Omit the pictures. Transcribe exactly the lines below, from the one with "btn-warning btn-sm float-right" up to and including the last.
Start of Given records
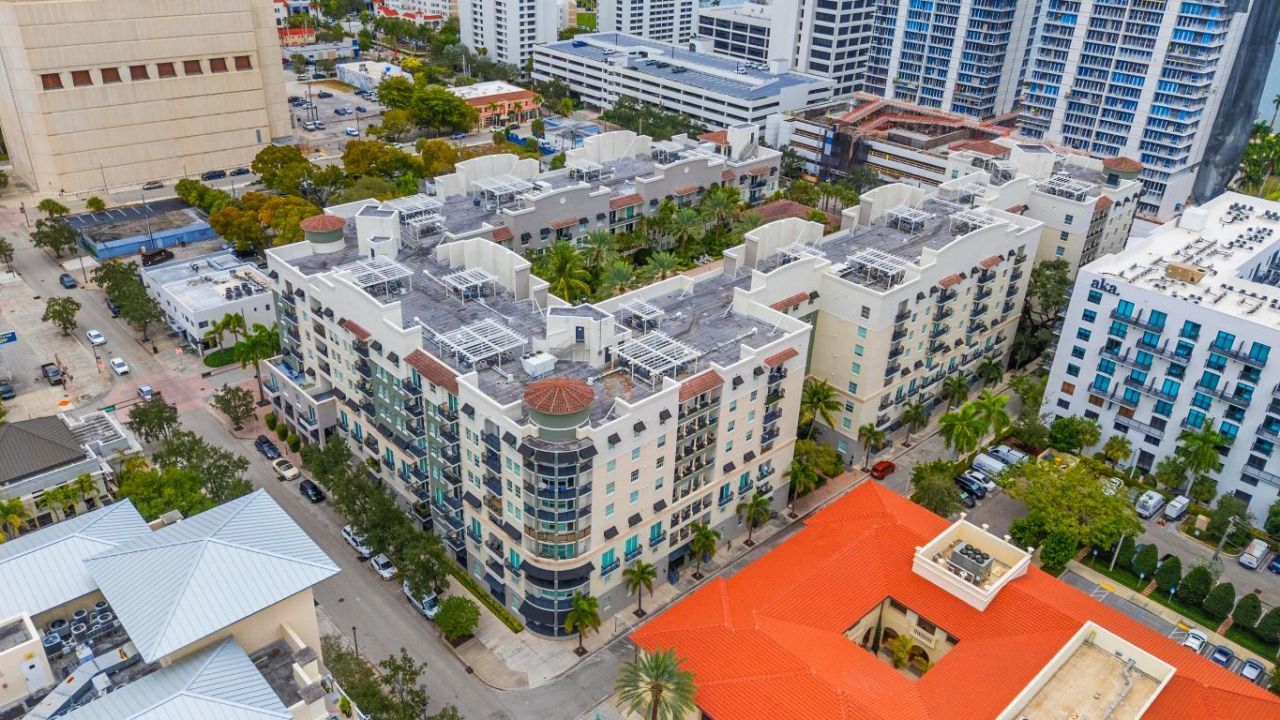 600 S Dixie Highway, Unit 758, West Palm Beach, FL 33401 Photo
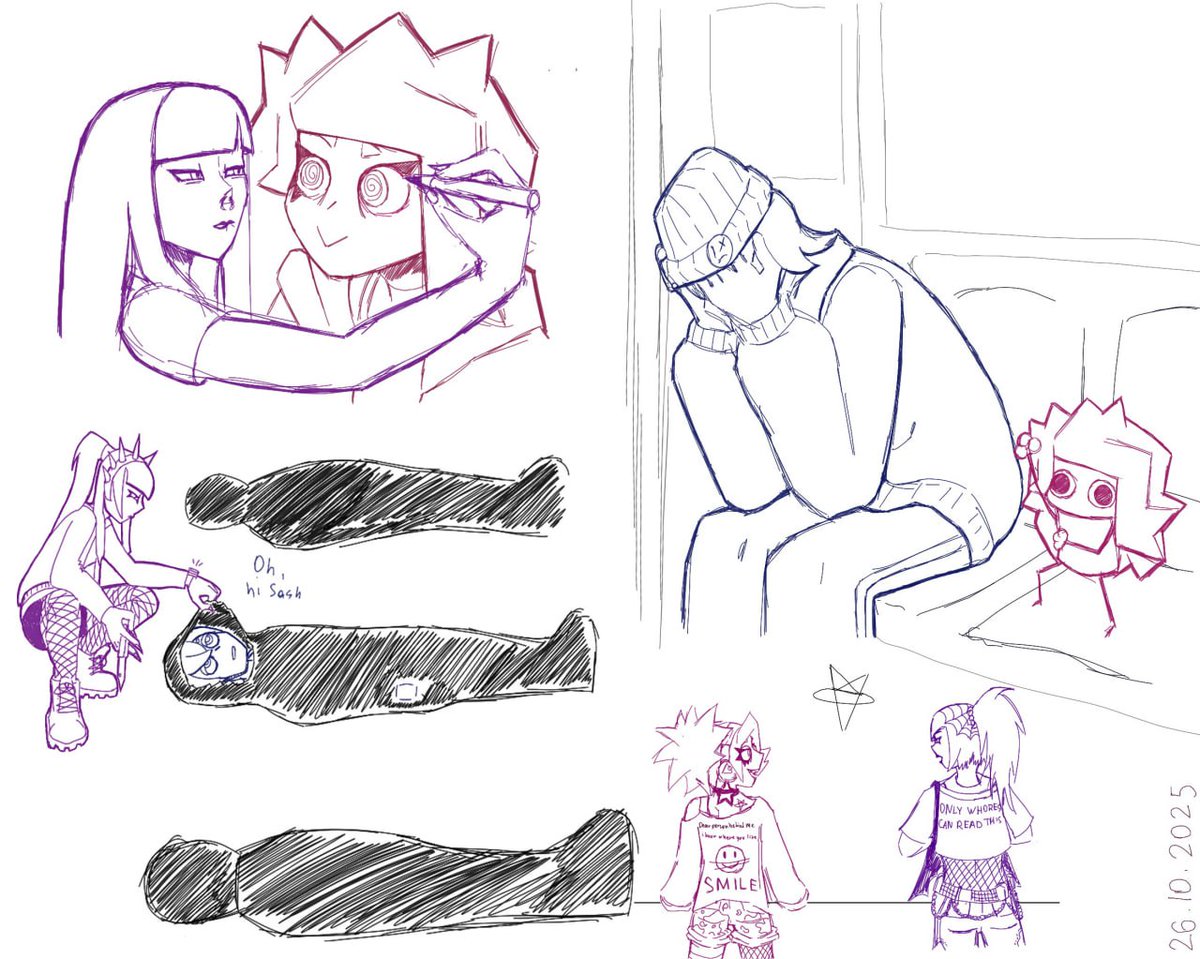 Create_cucarach's tweet image. 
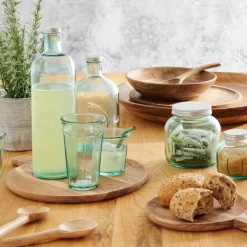 Capacity Boi O Transparente><noscript><img width=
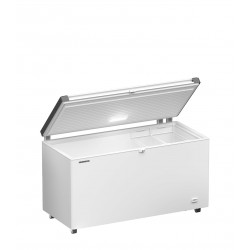 Liebherr EFL 4655-20 Vriezer Wit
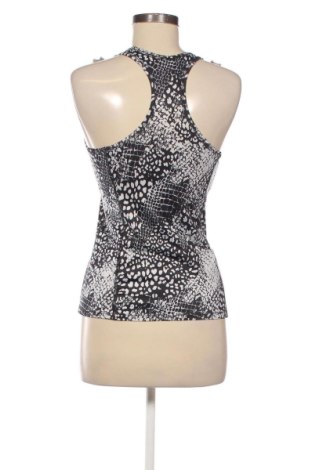 Damen Sporttop H&M Sport, Größe S, Farbe Mehrfarbig, Preis € 10,99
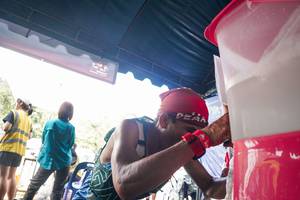 BIB: 
                            <button type="button" onclick="openModal(28159398)" class="btn btn-primary btn-sm float-right btn-popup" data-toggle="modal" data-target=".modal-high-quality">
                        <i class="fas fa-shopping-cart"></i> Add to Cart
                    </button>
                                            <button type="button" onclick="isThisMe(28159398, true)" class="btn btn-success btn-sm float-right btn-popup btn-isme hidden" data-toggle="tooltip" data-placement="bottom" title="นี่คือรูปของคุณใช่ไหม คลิกที่นี่เพื่อเอาเข้าอัลบั้ม">
                        <i class="fas fa-plus"></i> Add to album
                    </button>
                    <button type="button" onclick="isThisMe(28159398, false)" class="btn btn-warning btn-sm float-right btn-popup btn-isnotme hidden">
                        <i class="fas fa-ban"></i> Remove from album
                    </button>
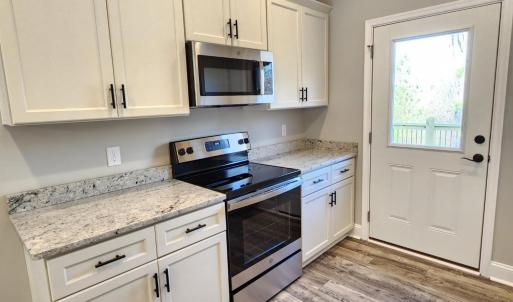 Photo #16 of 3008 Hill Street, Lynchburg, VA 0.0 acres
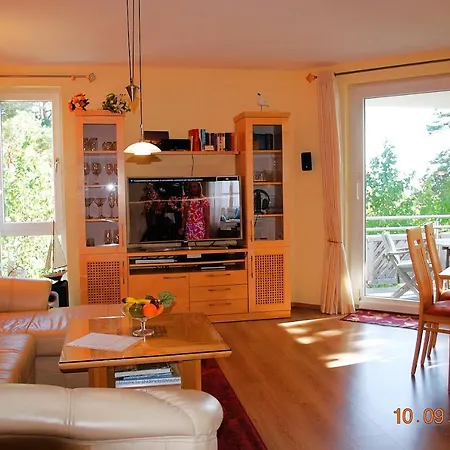 Hotel Meeresrauschen-app-14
End of Given records
Solution below:
                    <button type="button" onclick="isThisMe(28159398, false)" class="btn btn-warning btn-sm float-right btn-popup btn-isnotme hidden">
                        <i class="fas fa-ban"></i> Remove from album
                    </button>
 Photo #16 of 3008 Hill Street, Lynchburg, VA 0.0 acres
 Hotel Meeresrauschen-app-14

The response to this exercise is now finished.